Такое положение вещей коренится в онтологической природе истины20. Однако даже такая постановка вопроса не снимает главной проблемы: как отличить невыдуманное от выдуманного.

Категория истинности, хотя и не может быть рационально описана, тем не менее для христиан имеет конкретное наполнение21.

В конечном счете Дух Святой «наставляет на всякую истину» (Ин.14:16). Однако здесь снова встает вопрос критериев распознания истинного действия Святого Духа. С точки зрения протестантов герменевтическая связь между «тогда» и «сейчас» осуществляется не опосредованно через свидетельство отцов, но непосредственно в новом Откровении. Евангелические богословы признают действие Святого Духа в истории, но не признают свидетелей этого действия Духа, передающих свое знание (в смысле мистического богопознания). Для православных именно святоотеческое Предание является критерием и гарантом подлинной причастности к Духу истины. У протестантов же создается некритичное отношение к получению Откровения из Писаний в надежде только на герменевтическую функцию Святого Духа. Теряется почва различения истинных плодов Духа Святого и чего-то иного, не имеющего отношения к Нему. В частности, если все зигзаги истории или поворотные пункты, о которых говорил Кречмар22, считать волей Божией и Его Откровением, тогда истина вберет в себя все проявления бытия и вне истины вообще ничего не останется. И тогда, конечно, любой волюнтаризм со стороны падшей человеческой природы можно считать действием Откровения Божия.

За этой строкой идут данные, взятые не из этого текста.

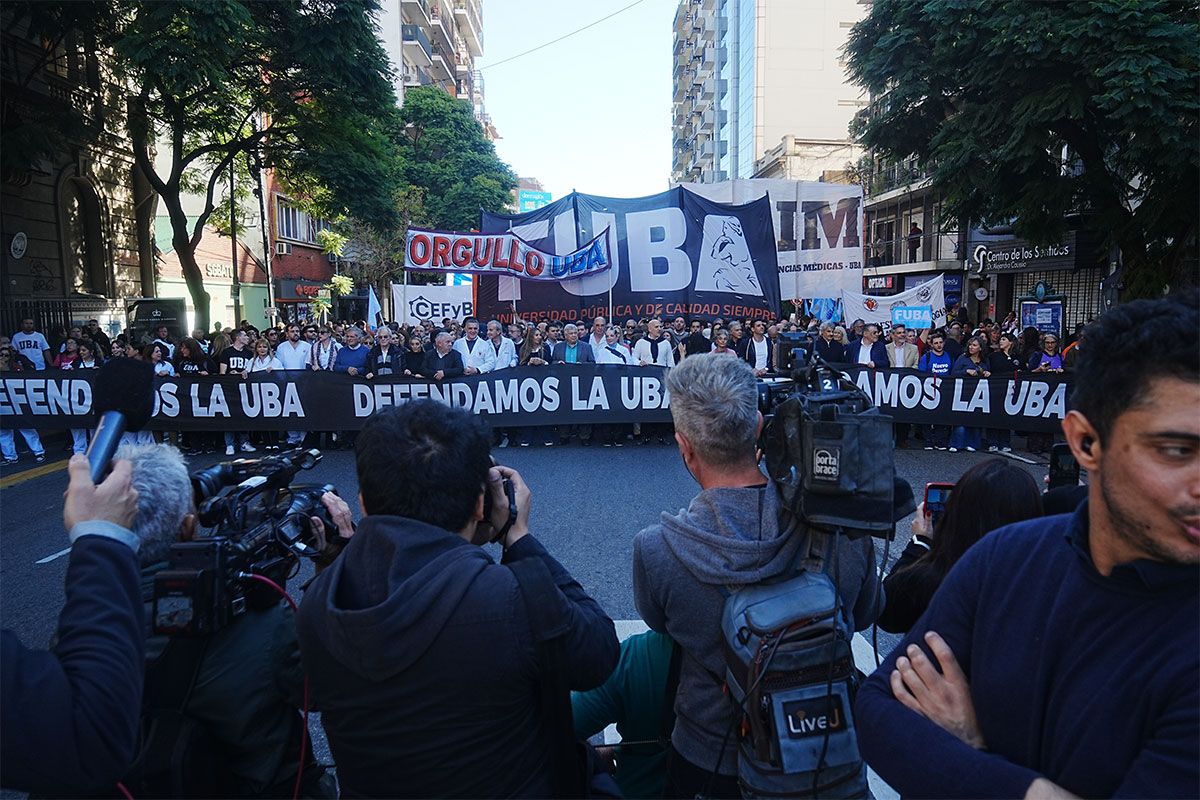 Trabajadores de las universidades de todo el país rechazan el acuerdo de los rectores y las centrales gremiales con el Gobierno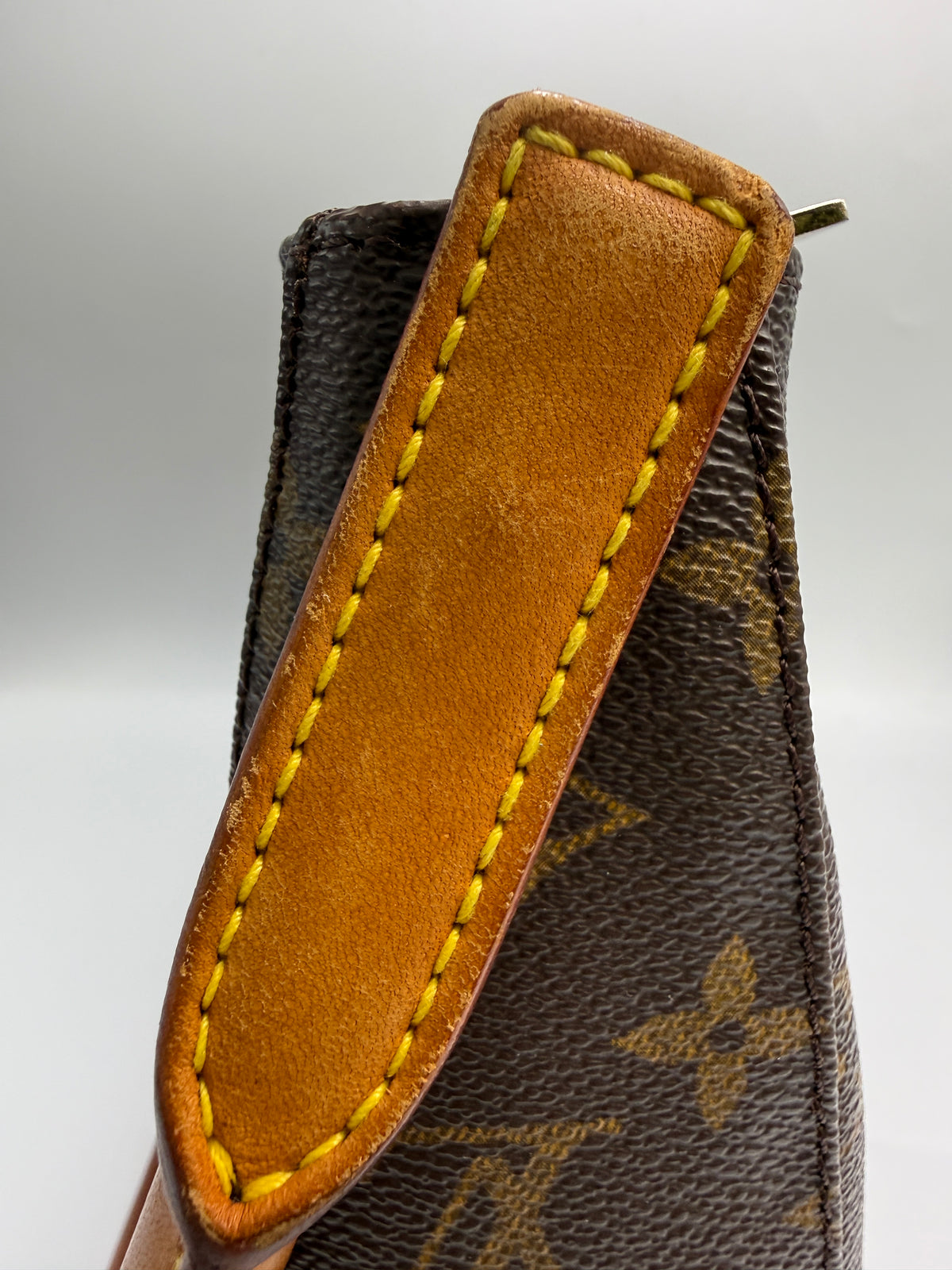 Louis Vuitton Vintage Loop (Vavin/Loop Shoulder Bag) in Monogram Canvas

2.2.2.3. Таким образом между условием исторической непрерывности и внутренним единством Предания существует тесная связь. Если как протестанты отвергнуть историческую преемственность свидетельства Духа, то автоматически разрушится не только подлинная герменевтическая связь между «тогда» и «сейчас», но и потеряется единство с полнотой Церкви. Именно к этому пришли протестанты: к личному взаимоотношению человека с Богом без всяких посредников (Дух Святой непосредственно внушает истину тому, кто читает Библию). При чем протестантов невозможно обвинить в непоследовательности, они создали вполне логичную схему вероучения: отвергли почитание святых как свидетелей духа, а Церковь понимают как простую общность единомышленников. Ведь если человек напрямую соединен с Богом личной верой, в которую никто не имеет права вмешиваться, то вообще зачем нужна Церковь? Теряет смысл и Евхаристия как единение всех, причащающихся от общей Чаши. И в протестантизме была радикально изменена концепция и Церкви и Евхаристии.

Протестанты подвергли критике безусловно искаженное Предание католиков, однако здравый рассудок не может отрицать Предание как факт. Неизбежно возникает необходимость решения вопроса, какое место должно занять Предание в соотношении с Писанием?

2.3. Соотношение Писания и Предания в Реформации

Запад, утверждая или отвергая Предание, оставался все в той же плоскости понимания Предания в качестве источника вероучения. Христианское учение при этом представлялось неким словесным текстом записанным (в Писании) или не записанным (в Предании). Разница заключалась лишь в том, что католики принимали Предание как источник Откровения, а протестанты не принимали.

Писание является частью Предания. Таким может быть единственный, обусловленный логикой вещей, вывод, если считать, что Писание это — записанное учение, а Предание — учение не записанное в первом веке христианства, но, все равно так или иначе записанное позже23.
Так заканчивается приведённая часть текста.